An air conditioner, like a car, is a device that must be serviced and maintained on a regular basis. Even though an air conditioning system looks to be in good working order, ongoing maintenance and care are required to keep it operating as intended.
There are five main reasons why you should maintain your air conditioner. Boosting performance, enhancing indoor air quality, limiting the transmission of airborne viruses and germs, prolonging the lifespan of an air conditioner, and improving energy efficiency to save you money are some of the benefits.
Moreover, there are several things you can do on your own to inspect and clean your air conditioner. We’ll go through a few of these do-it-yourself air conditioning maintenance suggestions here. We’ll also go over a few easy activities you can do to save time, money, and headaches during the life of an air conditioning system. These chores will assist you in providing the finest possible maintenance for your air conditioning devices.
If Your AC is Not Blowing Cold Air…
Clean your air conditioner filters. Air conditioner filters are designed to trap dust. However, they could become clogged with time, which can cause your air conditioner to work harder and be less efficient at cooling your house.
Cleaning your dust filters once or twice a month is advised, but more often than that in a year is ideal. It’s typically as simple as popping up the plastic cover, removing the filter, and shaking them outdoors.
If they’re extremely nasty, you may wash them in warm, soapy water, but make sure they’re totally dry before putting them back in the unit. Check your owner’s manual to find out how often filters should be changed.
If Your AC Creates Noise and Smells Bad…
If your air conditioner begins to make strange noises or emit a foul odor, it could be due to dirty air filters, a loose internal component, a malfunctioning fan, or a poorly fitted grille.
If the filters already had accumulated much dirt, they would be working harder than usual. To avoid the issue, constantly check and clean the filters.
If the noise is louder, such as shrieking, hissing, hammering, or grinding, turn off your air conditioner. The noise could be a hint of a more severe problem that requires the assistance of a specialist. If a specialist inspects your unit and cannot resolve the issue, it may be better to upgrade your air conditioner.
Air conditioners typically have a lifespan of six to twelve years. If your unit has a bad odor, it could be due to dirt, mold, or mildew inside that is circling through the air it blows out. The first thing you should do is change the filters in the air conditioner. If the odor persists, the insulation may be damaged, and you will need to contact a specialist.
If Water is Leaking from Your AC…
Moisture in the air condenses naturally on the cool components of your air conditioner, just as it does on a cold drink in hot weather. However, if water is leaking and pooling, it is an issue and a safety hazard.
This, too, might be due to a grimy filter, but it could also be due to a blocked or broken drain line, a pump failure, unclean or defective coils, faulty installation, or a refrigerant leak. Turn off the electricity to your air conditioner and inspect the filters for dust or damage.
You may also inspect the evaporator coils within the interior unit. If they are unclean, they might freeze and cause water to overflow. To gain access to these coils, turn off the air conditioner and remove the front panel. If they’re only somewhat unclean, clean them with compressed air, a soft brush, or a towel dipped in warm, soapy water. If they’re significantly dirty, you should contact an HVAC specialist to do the proper cleaning.
In general, while you can try the two options on your own, water and electricity aren’t a good mix, and troubleshooting is best left to professionals. Calling a professional expert to diagnose the problem, whether it’s refrigerant leakage, faulty parts, or it’s just time to replace your AC, is the best choice.
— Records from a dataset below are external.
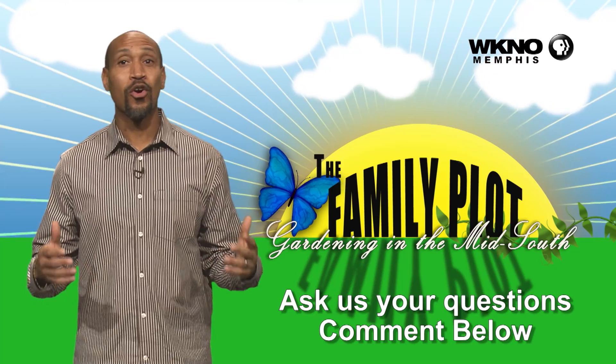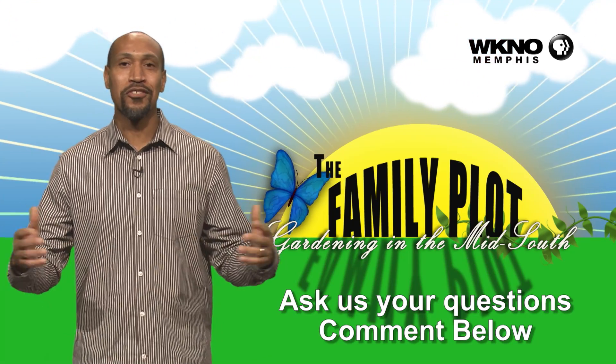Hope you enjoyed the video. We would love to get more questions from you, so be sure to leave us some comments.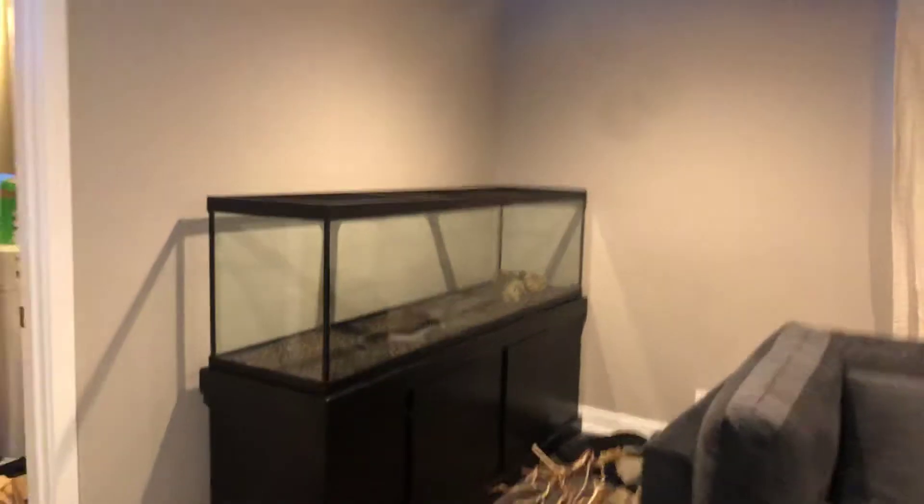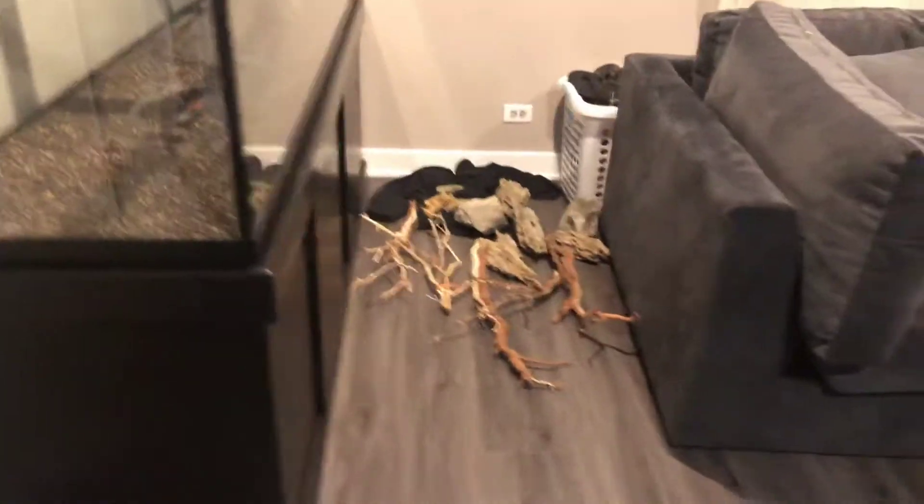Turn the lights on, and this tank is here now. It's a 125. We opted for that instead of the 180 because it'd be too crammed in between there.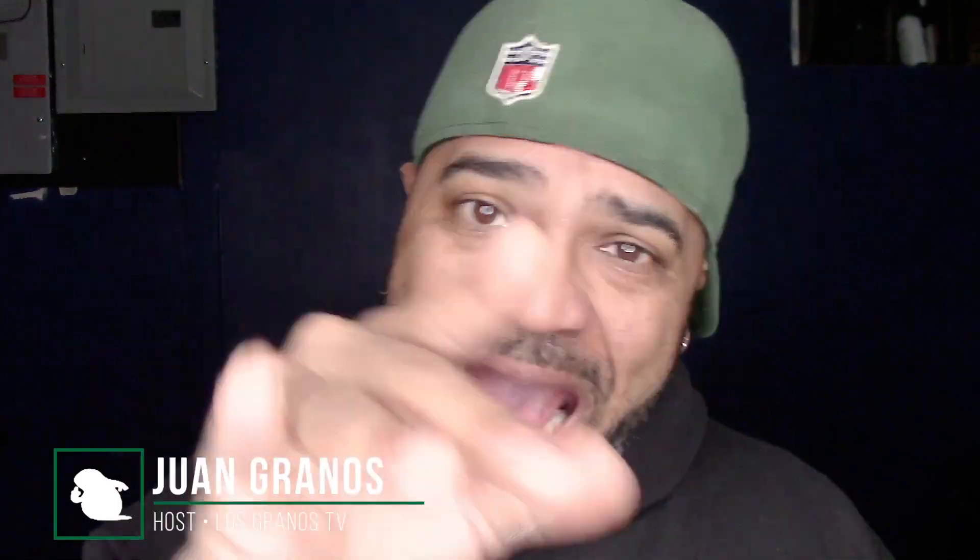Hey, what's up granos and granettes, Juan Granos back again with another review. As always, when a manufacturer or retailer sends me an item to review, I gotta let you guys know this is a sponsored review. Continuing on with Cyber Monday sales — things you might want to get but you're not sure if it's worth the price.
If Your AC is Not Cooling Your Room Enough…
Your air conditioner must be the correct size for the room you’re attempting to cool, but insulation, location, and orientation all play a role. Cool just the rooms that are being used, and keep doors between chilled and uncooled sections closed.
If your windows face north or west, they will let in a lot of heat, forcing your air conditioner to work harder. Install some shade, such as inside curtains or blinds and outdoor sails, awnings, or deciduous plants, to allow less heat to penetrate through your windows throughout the summer.
Insulating your home is one of the most effective ways to create a buffer between you and the intense heat outside. Improve your home’s ceiling, wall, and floor insulation and block any draught holes in door and window frames if possible to help seal your room up like an icebox.
If you have a split-system air conditioner, place the outside unit on the south side of the house or in a shady area. It will perform better in the shade than in direct sunlight.